Robert Keen: The industry is doing it itself. I mentioned earlier there is another trade association that deals more with the fast parcel operators. They are putting a tremendous amount of resource—this is the DHLs, the UPSs, people like that—into advertising to potential exporters that they can simplify the barriers and make exporting easier for them and can provide the information. Some of our members who are traditionally the more heavyweight type are doing the same thing, although it is not quite so dynamic as the fast parcel operators. UKTI could pick up on this. The UKTI do tend to deal more with exporters and are perhaps unaware of the role of the forwarding industry.
Q125 Amanda Milling: If you had your wish list, are there any things that you feel would help in terms of exporting, from your industry’s perspective?
Robert Keen: I do not think so not now. The old says of SITPRO were good; we had a one-stop shop there. I am sorry to repeat myself. They are long gone and, as I say, they lost their way and started to try to take on other projects to try to justify their existence and perhaps got away from their core role. If there is no commitment from Government to put another quango in the place of SITPRO, then UKTI could be modernised a little bit to take on some of that knowledge and information role.

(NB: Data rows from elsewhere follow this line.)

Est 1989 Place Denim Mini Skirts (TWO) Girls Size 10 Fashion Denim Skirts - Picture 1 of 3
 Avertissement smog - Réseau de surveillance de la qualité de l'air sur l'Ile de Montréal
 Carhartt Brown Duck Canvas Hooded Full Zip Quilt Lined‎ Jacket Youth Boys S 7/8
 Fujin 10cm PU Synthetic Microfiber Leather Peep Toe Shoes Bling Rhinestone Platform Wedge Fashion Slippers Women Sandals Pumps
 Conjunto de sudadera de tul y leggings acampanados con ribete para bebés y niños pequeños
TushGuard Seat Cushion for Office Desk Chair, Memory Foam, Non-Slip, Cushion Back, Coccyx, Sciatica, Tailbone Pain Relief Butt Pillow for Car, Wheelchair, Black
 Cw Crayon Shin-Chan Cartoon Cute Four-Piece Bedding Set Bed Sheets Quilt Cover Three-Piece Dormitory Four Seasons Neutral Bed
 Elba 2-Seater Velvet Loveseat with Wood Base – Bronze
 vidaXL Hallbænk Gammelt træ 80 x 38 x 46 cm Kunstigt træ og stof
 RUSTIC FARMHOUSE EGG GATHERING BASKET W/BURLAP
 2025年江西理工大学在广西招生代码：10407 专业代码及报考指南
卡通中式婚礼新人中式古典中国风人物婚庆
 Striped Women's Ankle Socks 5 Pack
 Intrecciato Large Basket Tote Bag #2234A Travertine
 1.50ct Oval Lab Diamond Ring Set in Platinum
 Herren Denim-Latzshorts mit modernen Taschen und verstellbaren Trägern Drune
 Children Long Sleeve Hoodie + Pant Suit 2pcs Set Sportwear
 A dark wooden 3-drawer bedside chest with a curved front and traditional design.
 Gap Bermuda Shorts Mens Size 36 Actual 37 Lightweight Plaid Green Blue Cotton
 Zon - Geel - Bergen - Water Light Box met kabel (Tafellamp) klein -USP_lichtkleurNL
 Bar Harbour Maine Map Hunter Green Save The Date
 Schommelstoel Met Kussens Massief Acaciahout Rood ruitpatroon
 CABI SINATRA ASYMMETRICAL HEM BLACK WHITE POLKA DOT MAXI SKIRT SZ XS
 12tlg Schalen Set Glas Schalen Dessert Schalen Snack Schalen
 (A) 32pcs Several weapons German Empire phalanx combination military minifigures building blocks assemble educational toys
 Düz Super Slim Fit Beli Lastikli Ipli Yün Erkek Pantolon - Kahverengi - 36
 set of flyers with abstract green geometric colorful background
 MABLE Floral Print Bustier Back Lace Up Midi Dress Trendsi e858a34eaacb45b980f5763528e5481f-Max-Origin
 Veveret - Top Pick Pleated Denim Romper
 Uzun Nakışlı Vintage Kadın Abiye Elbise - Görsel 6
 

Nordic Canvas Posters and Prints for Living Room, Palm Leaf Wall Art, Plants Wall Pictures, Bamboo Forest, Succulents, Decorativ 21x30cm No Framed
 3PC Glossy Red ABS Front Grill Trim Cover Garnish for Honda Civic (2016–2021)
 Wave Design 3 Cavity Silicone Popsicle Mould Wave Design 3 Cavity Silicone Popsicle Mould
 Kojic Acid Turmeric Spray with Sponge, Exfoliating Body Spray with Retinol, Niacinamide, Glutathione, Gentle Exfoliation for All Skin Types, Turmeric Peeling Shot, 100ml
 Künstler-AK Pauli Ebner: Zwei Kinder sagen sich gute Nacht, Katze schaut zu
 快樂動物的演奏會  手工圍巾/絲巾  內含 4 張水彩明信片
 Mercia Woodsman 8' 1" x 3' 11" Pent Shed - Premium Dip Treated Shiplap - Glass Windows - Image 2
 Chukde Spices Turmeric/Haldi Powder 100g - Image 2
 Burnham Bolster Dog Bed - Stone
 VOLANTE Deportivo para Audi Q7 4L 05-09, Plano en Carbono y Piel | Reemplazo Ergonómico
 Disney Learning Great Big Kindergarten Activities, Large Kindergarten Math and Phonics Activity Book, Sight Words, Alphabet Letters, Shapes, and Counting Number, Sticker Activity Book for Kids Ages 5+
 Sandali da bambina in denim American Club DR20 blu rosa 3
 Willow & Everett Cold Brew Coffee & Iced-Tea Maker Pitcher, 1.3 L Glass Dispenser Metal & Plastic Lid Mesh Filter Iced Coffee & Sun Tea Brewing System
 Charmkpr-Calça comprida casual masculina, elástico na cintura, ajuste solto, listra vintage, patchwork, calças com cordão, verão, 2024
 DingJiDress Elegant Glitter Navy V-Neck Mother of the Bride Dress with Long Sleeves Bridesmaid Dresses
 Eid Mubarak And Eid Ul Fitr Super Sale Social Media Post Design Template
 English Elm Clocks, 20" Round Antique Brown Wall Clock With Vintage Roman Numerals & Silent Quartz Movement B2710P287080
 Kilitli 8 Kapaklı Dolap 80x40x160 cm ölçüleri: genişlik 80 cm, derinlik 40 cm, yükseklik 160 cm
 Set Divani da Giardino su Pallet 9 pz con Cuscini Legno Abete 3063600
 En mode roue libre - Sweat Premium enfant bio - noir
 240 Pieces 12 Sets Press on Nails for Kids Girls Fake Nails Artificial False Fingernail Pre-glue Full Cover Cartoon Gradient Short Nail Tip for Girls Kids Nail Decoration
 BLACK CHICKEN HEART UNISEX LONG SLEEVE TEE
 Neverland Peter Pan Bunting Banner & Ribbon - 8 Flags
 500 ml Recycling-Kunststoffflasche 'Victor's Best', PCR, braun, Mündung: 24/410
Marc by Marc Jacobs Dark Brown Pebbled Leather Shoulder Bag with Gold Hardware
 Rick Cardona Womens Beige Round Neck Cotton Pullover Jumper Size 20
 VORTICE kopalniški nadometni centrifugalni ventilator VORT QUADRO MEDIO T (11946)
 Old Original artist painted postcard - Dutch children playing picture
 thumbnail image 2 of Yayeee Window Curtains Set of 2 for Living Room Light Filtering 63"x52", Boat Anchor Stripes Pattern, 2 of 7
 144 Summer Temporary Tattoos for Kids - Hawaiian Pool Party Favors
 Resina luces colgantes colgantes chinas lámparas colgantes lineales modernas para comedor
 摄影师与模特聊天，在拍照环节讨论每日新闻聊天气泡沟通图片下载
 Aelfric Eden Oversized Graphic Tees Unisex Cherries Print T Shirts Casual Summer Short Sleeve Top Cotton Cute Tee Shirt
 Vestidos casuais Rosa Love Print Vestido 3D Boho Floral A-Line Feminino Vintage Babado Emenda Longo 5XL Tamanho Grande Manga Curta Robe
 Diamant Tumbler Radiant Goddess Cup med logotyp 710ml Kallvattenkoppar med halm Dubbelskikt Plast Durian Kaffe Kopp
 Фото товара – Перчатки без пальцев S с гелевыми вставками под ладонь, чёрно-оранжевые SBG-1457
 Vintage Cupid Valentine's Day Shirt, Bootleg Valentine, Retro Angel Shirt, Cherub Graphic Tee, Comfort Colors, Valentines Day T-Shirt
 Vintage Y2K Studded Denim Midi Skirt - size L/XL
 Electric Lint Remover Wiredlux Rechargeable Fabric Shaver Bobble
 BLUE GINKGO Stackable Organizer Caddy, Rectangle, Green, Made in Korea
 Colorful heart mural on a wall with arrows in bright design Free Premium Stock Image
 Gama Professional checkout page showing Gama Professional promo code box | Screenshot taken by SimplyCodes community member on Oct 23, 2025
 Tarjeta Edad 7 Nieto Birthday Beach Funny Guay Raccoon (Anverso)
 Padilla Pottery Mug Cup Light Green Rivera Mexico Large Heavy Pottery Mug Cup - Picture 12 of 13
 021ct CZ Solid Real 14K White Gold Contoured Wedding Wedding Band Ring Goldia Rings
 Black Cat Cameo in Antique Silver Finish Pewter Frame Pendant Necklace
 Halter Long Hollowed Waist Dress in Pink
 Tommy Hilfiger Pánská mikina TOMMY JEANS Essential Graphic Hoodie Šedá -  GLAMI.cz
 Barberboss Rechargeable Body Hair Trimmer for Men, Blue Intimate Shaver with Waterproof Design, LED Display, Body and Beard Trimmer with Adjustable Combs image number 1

Q126 Michelle Thomson: Just to pick up on a point you made, Ian, referencing Scotch whisky, which I now understand is the number one net contributor to the balance of trades, I am wondering whether there is sufficient recognition of how exports contribute to the macroeconomic picture, both from UKTI but also Treasury, because it is something that we have not yet talked a great deal about. I would be interested in particularly your view, Lee, and yourself, Ian, given the Scotch whisky contribution.
Ian Wright: The message has got across now. If you had asked in 2000 or 2005 which was the largest export from Scotland everybody would have said oil, and in fact it was Scotch whisky then and it is Scotch whisky now. Some people have a concern about that because they have a particular view of alcohol, and that is a perfectly respectable positon to adopt, although not one I happen to share. The Scottish Government, and indeed the UK Government, have got behind that as a symbol of Britain’s export industry and they have done well on that.
I think this is fair. Back to my big-yellow-tractor point, there is a bit of a lack of understanding of the real importance of consumer goods. There is a bit of sense in the Treasury that there is a serious export area, which is oil, gas, big capital projects, and then there is consumer goods, and consumer goods is somehow a bit more frivolous. That is just wrong. That is the - we need to do some work on.
Lee Hopley: In terms of how seriously the Treasury takes the need to increase exports, we moved towards a consensus around that after the financial crisis that that was a bit of an Achilles heel for the UK economy. The extent to which the Treasury gets behind individual sectors is a very good question, but it is not obvious to me that they have put an enormous amount of thought into which sectors are going to deliver on the export target, for example. Distinguishing between yellow goods, consumer goods, services for example—
Michelle Thomson: Strategy, if you like.
Lee Hopley: Indeed. I am sure lots of people think manufacturing is just goods, but a lot of manufacture is also export services as well. It is not clear that an understanding of where the strengths and competitive advantages are in the UK economy has been given a lot of thinking.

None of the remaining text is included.